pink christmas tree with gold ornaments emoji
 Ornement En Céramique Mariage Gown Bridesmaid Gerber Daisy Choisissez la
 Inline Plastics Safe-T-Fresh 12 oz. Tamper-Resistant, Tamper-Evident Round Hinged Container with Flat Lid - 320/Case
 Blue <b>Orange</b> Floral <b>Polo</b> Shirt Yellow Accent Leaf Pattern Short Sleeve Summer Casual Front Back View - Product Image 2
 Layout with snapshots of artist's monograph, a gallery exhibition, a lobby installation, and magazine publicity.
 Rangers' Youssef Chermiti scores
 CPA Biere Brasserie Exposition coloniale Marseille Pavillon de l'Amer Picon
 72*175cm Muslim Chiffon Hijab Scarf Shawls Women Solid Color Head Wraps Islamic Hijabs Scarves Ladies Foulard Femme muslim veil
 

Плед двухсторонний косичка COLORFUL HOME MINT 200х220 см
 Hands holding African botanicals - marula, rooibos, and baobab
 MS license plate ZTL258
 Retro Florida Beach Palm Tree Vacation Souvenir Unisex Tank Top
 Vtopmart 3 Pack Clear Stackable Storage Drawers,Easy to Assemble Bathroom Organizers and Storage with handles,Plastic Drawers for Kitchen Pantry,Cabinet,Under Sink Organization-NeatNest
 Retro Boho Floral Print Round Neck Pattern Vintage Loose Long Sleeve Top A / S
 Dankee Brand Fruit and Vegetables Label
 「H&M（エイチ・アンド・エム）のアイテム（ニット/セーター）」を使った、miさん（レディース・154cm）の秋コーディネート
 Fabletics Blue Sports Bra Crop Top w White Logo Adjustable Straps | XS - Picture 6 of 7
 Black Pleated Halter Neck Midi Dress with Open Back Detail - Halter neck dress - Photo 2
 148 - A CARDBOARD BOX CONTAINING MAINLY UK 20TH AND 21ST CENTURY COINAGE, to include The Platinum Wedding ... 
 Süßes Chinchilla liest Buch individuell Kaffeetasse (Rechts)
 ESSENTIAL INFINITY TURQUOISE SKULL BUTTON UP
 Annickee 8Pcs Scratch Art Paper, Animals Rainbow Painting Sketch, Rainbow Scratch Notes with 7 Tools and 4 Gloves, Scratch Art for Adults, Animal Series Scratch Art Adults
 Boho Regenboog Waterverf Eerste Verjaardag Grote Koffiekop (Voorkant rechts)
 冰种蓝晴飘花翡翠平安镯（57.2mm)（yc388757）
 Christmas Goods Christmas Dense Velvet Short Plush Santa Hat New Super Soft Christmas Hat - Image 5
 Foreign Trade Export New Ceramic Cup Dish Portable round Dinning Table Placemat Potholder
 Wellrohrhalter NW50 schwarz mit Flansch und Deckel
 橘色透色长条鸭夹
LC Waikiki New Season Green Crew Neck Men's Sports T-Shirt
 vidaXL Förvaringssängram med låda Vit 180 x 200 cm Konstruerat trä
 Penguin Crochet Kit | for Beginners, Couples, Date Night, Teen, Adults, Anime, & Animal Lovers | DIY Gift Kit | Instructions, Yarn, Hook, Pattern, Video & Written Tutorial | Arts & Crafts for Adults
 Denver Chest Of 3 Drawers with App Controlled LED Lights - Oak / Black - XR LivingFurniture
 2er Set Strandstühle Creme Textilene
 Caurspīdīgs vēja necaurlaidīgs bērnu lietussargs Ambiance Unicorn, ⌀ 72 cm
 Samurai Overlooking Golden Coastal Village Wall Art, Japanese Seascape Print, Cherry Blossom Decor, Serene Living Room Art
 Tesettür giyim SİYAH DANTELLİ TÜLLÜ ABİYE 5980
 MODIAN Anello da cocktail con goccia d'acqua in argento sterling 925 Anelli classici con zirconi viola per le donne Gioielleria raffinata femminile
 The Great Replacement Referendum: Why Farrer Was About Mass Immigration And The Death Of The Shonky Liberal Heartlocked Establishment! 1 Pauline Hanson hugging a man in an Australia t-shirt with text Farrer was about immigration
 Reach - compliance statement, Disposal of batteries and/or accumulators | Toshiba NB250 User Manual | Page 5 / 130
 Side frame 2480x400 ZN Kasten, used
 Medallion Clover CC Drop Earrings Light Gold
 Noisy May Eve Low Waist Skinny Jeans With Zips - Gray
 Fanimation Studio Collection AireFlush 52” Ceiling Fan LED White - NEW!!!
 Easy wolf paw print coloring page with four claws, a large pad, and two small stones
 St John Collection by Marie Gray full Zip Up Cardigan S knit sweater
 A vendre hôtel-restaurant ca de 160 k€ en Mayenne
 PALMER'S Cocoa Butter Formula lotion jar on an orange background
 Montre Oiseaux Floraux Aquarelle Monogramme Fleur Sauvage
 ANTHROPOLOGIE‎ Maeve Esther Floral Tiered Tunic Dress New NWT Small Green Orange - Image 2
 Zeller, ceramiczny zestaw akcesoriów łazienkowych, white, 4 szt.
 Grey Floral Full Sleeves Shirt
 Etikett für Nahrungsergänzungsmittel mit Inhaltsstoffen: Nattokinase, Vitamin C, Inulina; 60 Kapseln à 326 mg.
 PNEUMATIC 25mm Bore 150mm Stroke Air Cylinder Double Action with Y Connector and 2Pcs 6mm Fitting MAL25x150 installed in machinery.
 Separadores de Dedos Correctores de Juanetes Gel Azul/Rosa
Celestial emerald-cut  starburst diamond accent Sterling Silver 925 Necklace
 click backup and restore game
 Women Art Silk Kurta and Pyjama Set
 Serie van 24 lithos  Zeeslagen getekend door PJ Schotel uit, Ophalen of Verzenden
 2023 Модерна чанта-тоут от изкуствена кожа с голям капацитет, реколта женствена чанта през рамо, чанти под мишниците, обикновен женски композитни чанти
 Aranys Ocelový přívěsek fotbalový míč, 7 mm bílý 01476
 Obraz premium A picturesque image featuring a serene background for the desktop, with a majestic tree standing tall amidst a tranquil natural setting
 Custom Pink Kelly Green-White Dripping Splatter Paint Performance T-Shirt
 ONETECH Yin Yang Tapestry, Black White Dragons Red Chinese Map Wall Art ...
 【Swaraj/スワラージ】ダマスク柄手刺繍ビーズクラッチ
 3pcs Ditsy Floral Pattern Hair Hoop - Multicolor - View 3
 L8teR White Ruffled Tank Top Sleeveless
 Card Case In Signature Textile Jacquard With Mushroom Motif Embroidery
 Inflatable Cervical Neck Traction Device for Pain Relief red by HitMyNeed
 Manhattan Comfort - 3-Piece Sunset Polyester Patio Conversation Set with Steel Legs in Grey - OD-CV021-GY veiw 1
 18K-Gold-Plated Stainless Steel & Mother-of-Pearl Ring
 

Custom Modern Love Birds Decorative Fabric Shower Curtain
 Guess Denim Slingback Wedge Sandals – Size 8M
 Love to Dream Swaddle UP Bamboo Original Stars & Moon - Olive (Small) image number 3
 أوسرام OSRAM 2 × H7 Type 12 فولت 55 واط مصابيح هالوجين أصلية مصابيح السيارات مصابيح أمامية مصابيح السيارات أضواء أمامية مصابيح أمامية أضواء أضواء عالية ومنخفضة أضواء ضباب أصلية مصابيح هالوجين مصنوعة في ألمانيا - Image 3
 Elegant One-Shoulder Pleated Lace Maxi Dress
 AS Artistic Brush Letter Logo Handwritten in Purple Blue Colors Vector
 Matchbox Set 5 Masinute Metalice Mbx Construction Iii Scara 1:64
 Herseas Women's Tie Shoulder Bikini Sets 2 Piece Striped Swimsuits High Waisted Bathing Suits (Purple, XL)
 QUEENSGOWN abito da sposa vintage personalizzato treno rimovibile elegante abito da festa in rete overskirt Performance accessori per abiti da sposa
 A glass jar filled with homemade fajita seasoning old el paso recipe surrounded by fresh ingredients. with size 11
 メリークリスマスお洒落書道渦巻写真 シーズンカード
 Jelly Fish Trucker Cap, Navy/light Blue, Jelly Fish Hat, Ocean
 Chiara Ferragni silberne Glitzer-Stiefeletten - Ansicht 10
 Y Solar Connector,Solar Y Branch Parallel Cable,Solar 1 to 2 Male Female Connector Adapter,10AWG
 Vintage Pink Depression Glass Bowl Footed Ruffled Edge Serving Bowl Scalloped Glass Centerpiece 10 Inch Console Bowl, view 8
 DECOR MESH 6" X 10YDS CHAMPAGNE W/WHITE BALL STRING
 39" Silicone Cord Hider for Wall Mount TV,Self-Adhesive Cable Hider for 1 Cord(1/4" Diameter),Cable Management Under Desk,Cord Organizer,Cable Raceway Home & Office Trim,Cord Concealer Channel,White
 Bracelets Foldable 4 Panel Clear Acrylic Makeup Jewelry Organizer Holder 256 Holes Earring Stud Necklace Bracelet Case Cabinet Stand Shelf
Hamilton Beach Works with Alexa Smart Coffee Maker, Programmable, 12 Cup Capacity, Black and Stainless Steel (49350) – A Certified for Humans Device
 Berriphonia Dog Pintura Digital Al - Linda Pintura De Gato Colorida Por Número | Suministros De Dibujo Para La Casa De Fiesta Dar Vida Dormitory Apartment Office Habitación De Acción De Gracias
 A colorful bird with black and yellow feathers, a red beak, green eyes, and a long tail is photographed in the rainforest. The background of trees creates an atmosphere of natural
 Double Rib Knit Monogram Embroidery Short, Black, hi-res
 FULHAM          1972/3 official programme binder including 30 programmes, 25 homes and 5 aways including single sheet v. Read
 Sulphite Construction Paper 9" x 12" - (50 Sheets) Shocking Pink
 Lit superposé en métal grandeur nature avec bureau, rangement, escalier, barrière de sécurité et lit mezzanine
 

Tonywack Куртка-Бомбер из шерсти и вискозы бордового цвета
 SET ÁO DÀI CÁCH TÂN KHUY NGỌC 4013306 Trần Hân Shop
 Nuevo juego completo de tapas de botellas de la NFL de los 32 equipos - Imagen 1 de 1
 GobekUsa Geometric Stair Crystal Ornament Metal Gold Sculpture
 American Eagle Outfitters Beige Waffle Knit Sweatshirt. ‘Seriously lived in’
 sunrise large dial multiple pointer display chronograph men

---

◆ The problem
All lines above from the one holding "Montre Oiseaux Floraux" to the one holding "Silver 925 Necklace", inclusive, are to be copied exactly; no other line is wanted.

◆ Answer to this exercise
 Montre Oiseaux Floraux Aquarelle Monogramme Fleur Sauvage
 ANTHROPOLOGIE‎ Maeve Esther Floral Tiered Tunic Dress New NWT Small Green Orange - Image 2
 Zeller, ceramiczny zestaw akcesoriów łazienkowych, white, 4 szt.
 Grey Floral Full Sleeves Shirt
 Etikett für Nahrungsergänzungsmittel mit Inhaltsstoffen: Nattokinase, Vitamin C, Inulina; 60 Kapseln à 326 mg.
 PNEUMATIC 25mm Bore 150mm Stroke Air Cylinder Double Action with Y Connector and 2Pcs 6mm Fitting MAL25x150 installed in machinery.
 Separadores de Dedos Correctores de Juanetes Gel Azul/Rosa
Celestial emerald-cut  starburst diamond accent Sterling Silver 925 Necklace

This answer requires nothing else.